Qué pena da que de pronto alguien a tu alrededor, aunque no tenga que ver contigo, perdió la capacidad de valorar las cosas, interpretar correctamente las palabras, usar, en definitiva, de su dosis de inteligencia con arreglo a su utilidad práctica, de que forma parte, por otro lado, la capacidad de imaginar, ahora desbocada y aberrante. Pero tiene que haber de todo, supongo, desde pobres hasta ricos y desde tontos hasta premios Nóbel, para que el mundo mantenga su precario equilibrio y gire, día y noche, hacia esa conmixtión de esperanza, futuro y miedo en que consiste la aparición de la luz de cada mañana, todavía un resplandor más allá del horizonte, a veces amatista, que por eso sólo llamo yo a tal color el de la duda. ¿O no estáis conmigo en suponer que el día, antes de recuperar la luz y el paisaje, tiene un momento de duda?.

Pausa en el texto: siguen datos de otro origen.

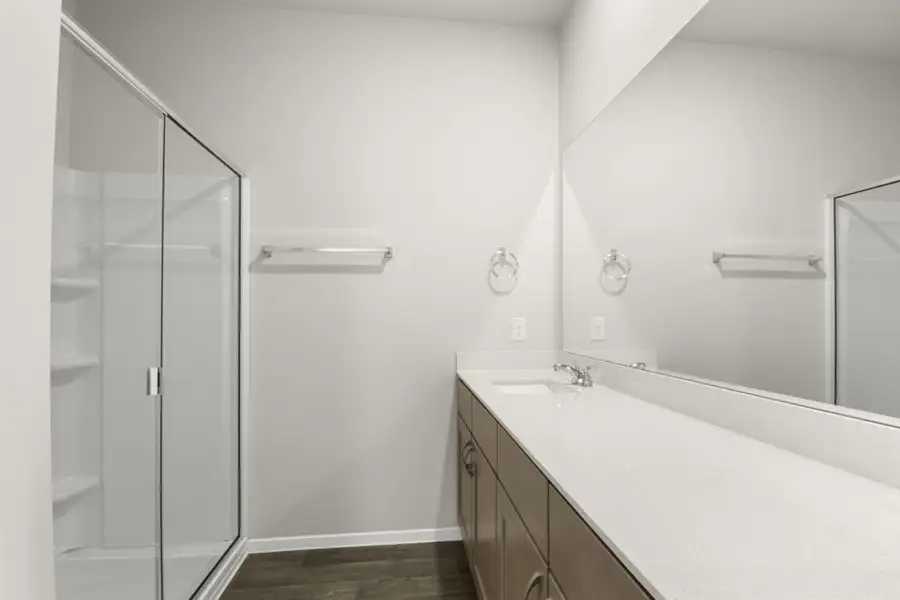 Image of a bathroom with brown wood-like flooring and white vanity with mirror and a walk-in shower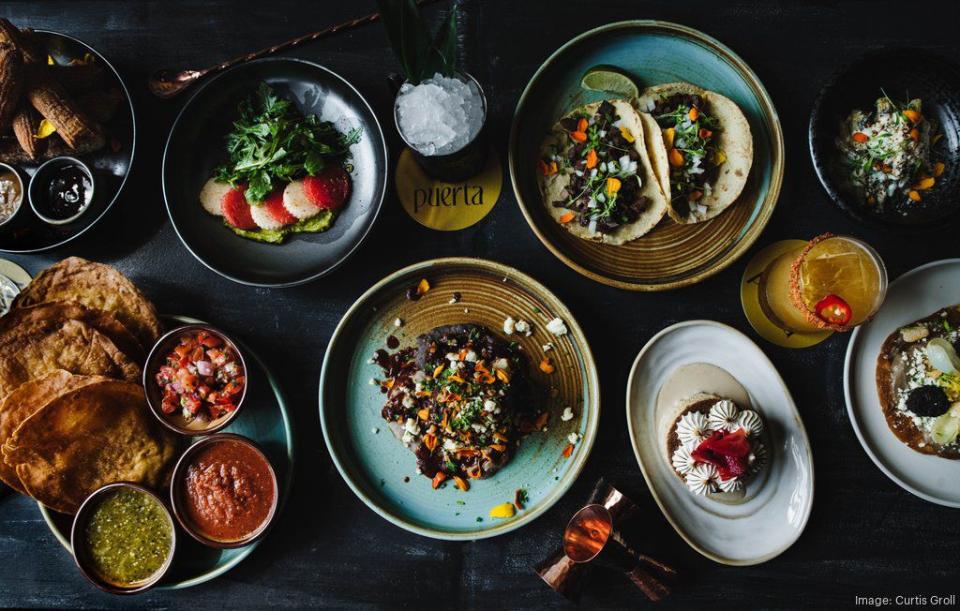 The restaurant at 1961 E. 7th St. is set to debut on Aug. 11 with a dinner and late-night menu. Dishes will honor Mexican culture and be prepared with traditional techniques. Tacos include different fillings including barbacoa, al pastor, lengua, seafood, carne asada and a vegetarian option with crispy potatoes in a chipotle mole sauce. There will also be soups and salads, little bites including dips and salsas, handhelds and entrees. The bar program at Puerta will focus on Mexican-made spirits, beer and wine. Cocktails will be regionally inspired classics made with fresh juice and poured over clear ice into frozen glassware. Five margaritas are on the opening menu, along with six signature cocktails featuring tequila and mezcal. Puerta marks the fourth dining concept in Elizabeth from 1957 Hospitality Group, which also owns and operates The Crunkleton, Rosemont Market & Wine Bar and Cheat’s Cheesesteak Parlor.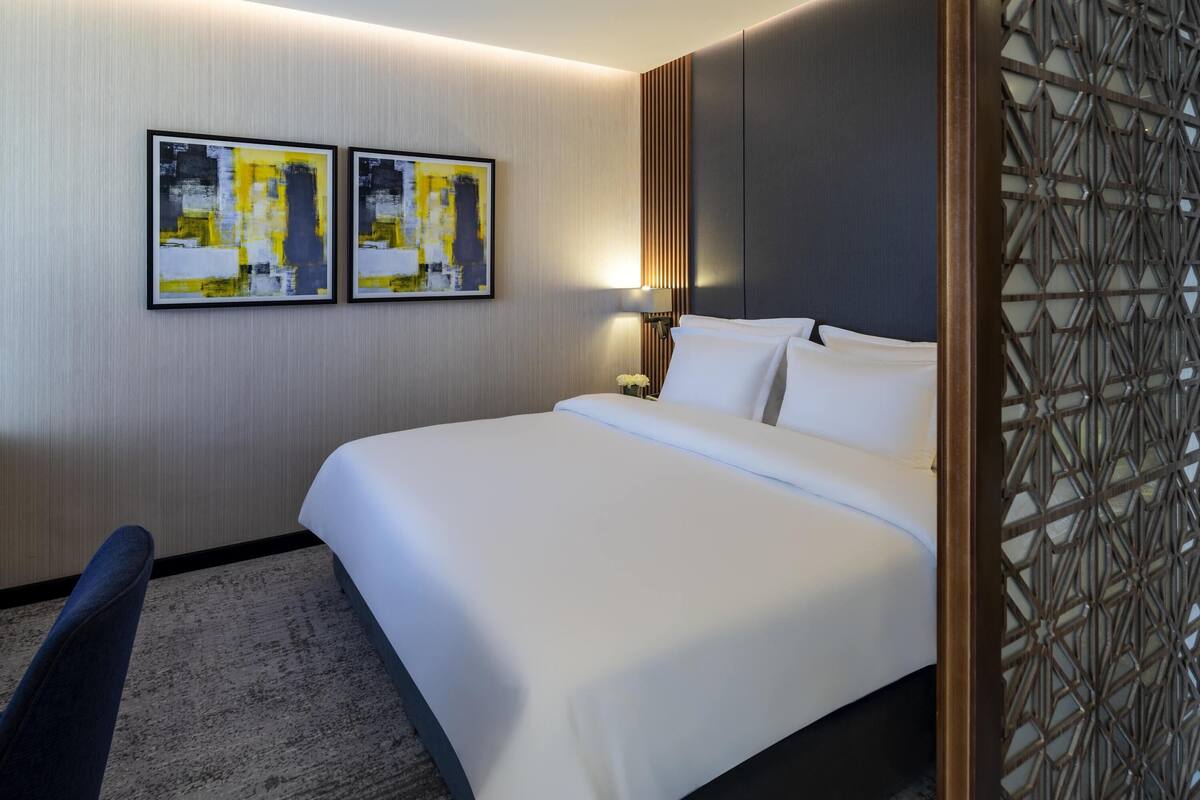 Hotellihuone, jossa on sänky, tuoli, kaksi abstraktia maalausta seinällä ja koristeellinen sermi.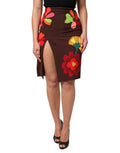 Jupe longue marron à fleurs Dolce & Gabbana, taille haute avec fente sur le côté, tissu élégant et féminin.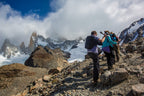 Hikers on a mountain peak with snow-capped peaks and clouds in the background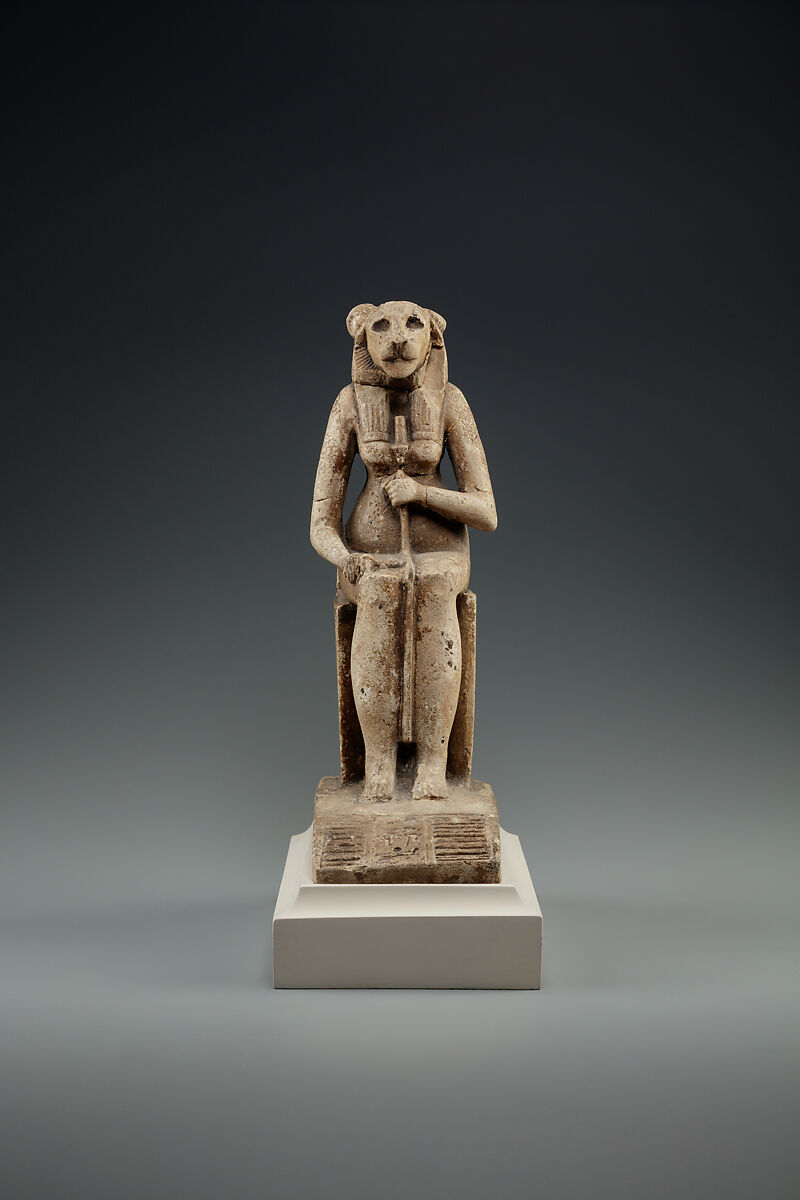 Bastet on a throne decorated with the decans, Faience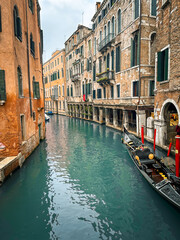 Traditional Gondola on Quiet Canal in Venice, Italy © Tristen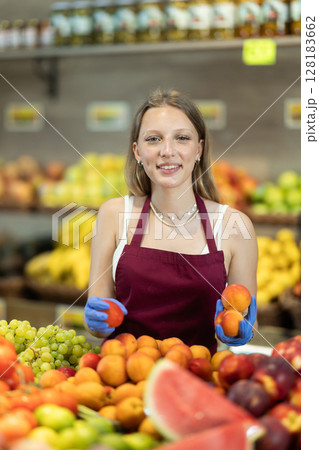 Girl shop seller add peach goods on display case in vegetable store Girl shop seller add peach goods on display case in vegetable store 128183662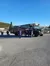 A group of people is gathered near a green tour bus parked in a lot under a clear blue sky.
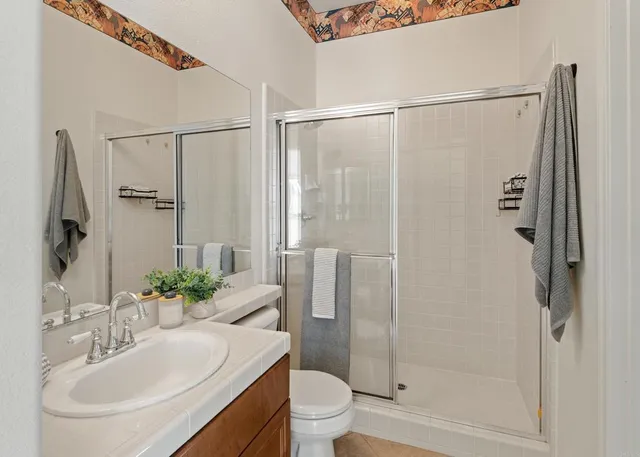 a bathroom with a sink toilet and shower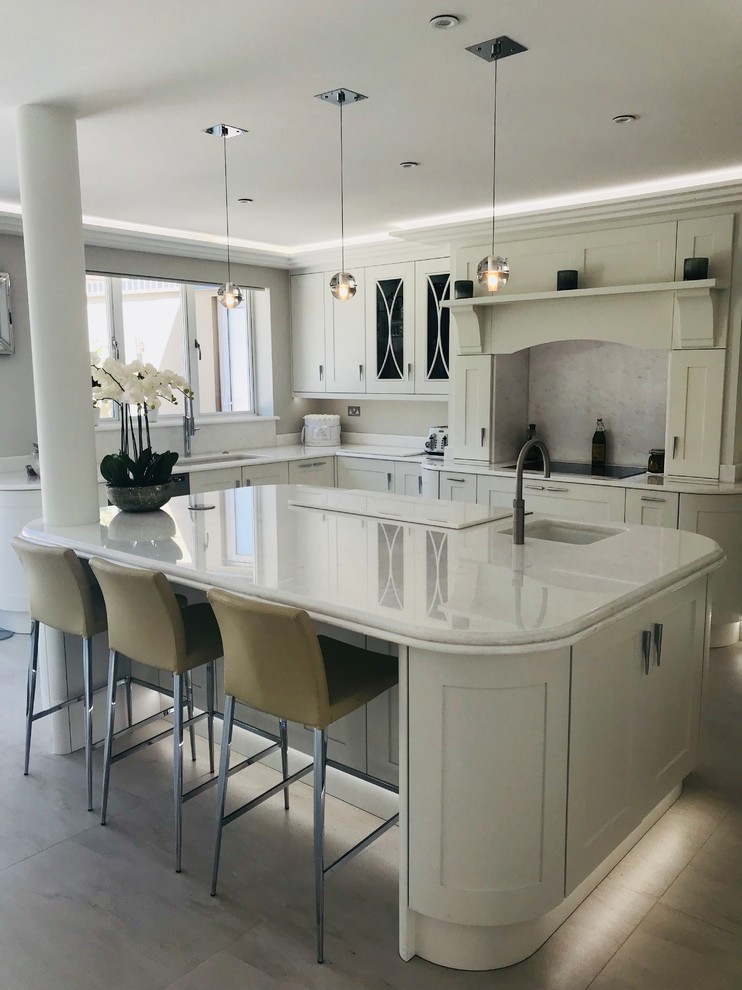 Inspiration for a large contemporary open plan kitchen in Hertfordshire with a built-in sink, shaker cabinets, white cabinets, quartz worktops, white splashback, stone slab splashback, integrated appliances, porcelain flooring, an island, white floors and white worktops.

Un día más, hoy, de crisis económica y de gripe cochina, de que alguien haya matado a alguien y que un juez, dice la prensa, ha soltado a un grupo de piratas prisioneros porque el fiscal no los había acusado de nada.
Pero puedes buscar música, la más adecuada a tu estado de ánimo y llenar de ella el aire. En seguida, las preocupaciones se difuminan por lo menos –algunas llegan a disolverse- y notas, a medida que respiras el aire musical, una mayor relajación. Creo, os soy sincero, lo dijo el otro día, que me tocó presentar a un músico en una reunión, que la música es un lenguaje que está entre el modo de expresarse y entenderse de los hombres y el de los ángeles.
Y no sé por qué, me asalta el recuerdo de la clase de latín de sexto o de séptimo de bachillerato, cuando el profesor saltaba de uno en otro, sigue tú, y flotaba en el aire el fantasma del miedo, con aquel grupo de adolescentes granujientos en tensión, pendientes de que el dedo, la voz, te señalasen y te encontraran náufrago en plena catilinaria, con Cicerón implacable, pero el profesor más, apuntando sin cesar en su libretilla de tapas de hule negro, los escasos aciertos y los patinazos de la escasa y amedrentada tropa, anhelante de que sonara el timbre y fuese posible huir a la playa, a jugar un partido o soñar el sueño de hacerse pirata o marino, qué más daba, para perseguirse implacables por la mar oceana donde sería poco probable que fueran a buscarte Homero u Ovidio, Aristóteles y Pitágoras o el profesor de Latín, que por qué no estarán ahora a mi alrededor, reintentando recuperarme para la civilizada armonía de los clásicos.